Can !a!=!!b^!!-!a||!+!a|!c return anything other than 1?

Question

I was playing the Javascript game with somebody and we were having fun making ridiculous and absurd expressions to make our inputs get a particular output.

This little charming one

!a!=!!b^!!-!a||!+!a|!c 

always seemed to return 1. I tried to reason it out, but I gave up after losing track of all the !s.

Are there any values for a, b, and c which do not return 1? If not, why does it always return 1?

Answer 1

Short answer, yes. a = false, b = false, c = true is a counter-example because your equation is identical to (!!a || !!b || !c).

Long answer:

!a!=!!b^!!-!a||!+!a|!c 

is

(((!a) != (!!b)) ^ (!!(-!a))) || ((!+!a)|!c) 

which reduces to

((Boolean(a) == Boolean(b)) ^ (!a)) || (Boolean(a) | !c) 

so all of a, b and c are only dealt with as truthy/falsey values and the result must be a 1 or 0 since | and ^ both coerce booleans to numbers.

So obviously (from inspection of the right of the ||) if either a is truthy or c is falsey, you get 1.

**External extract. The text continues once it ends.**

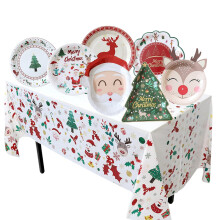 Christmas Party Plates Set for 35 Guests, Festive Disposable Christmas Tableware with Tablecloth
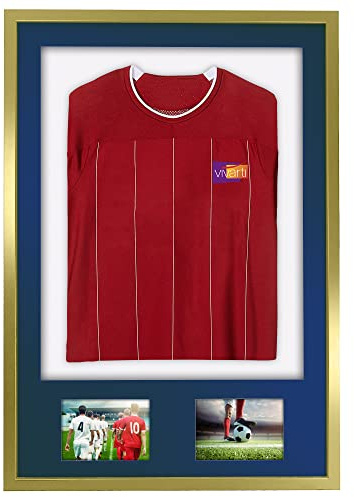 Vivarti DIY 3D Mounted + Double Aperture Sports Shirt Display Gold Frame with Colour Mounts (Adult, 61 x 91.5cm - Gold Frame, Blue Mount, White Backing Card)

If a is falsey and c is truthy, you have two possibilities,

1. b is truthy in which case the ^ clause is 1 so the right of the || is never reached.
2. b is falsey, in which case the ^ clause is 0 so the right of the || dominates to produce 0.

Answer 2

How about this:

var a = undefined, b=undefined, c=!a alert(!a!=!!b^!!-!a||!+!a|!c) // Output: 0 

Live demo.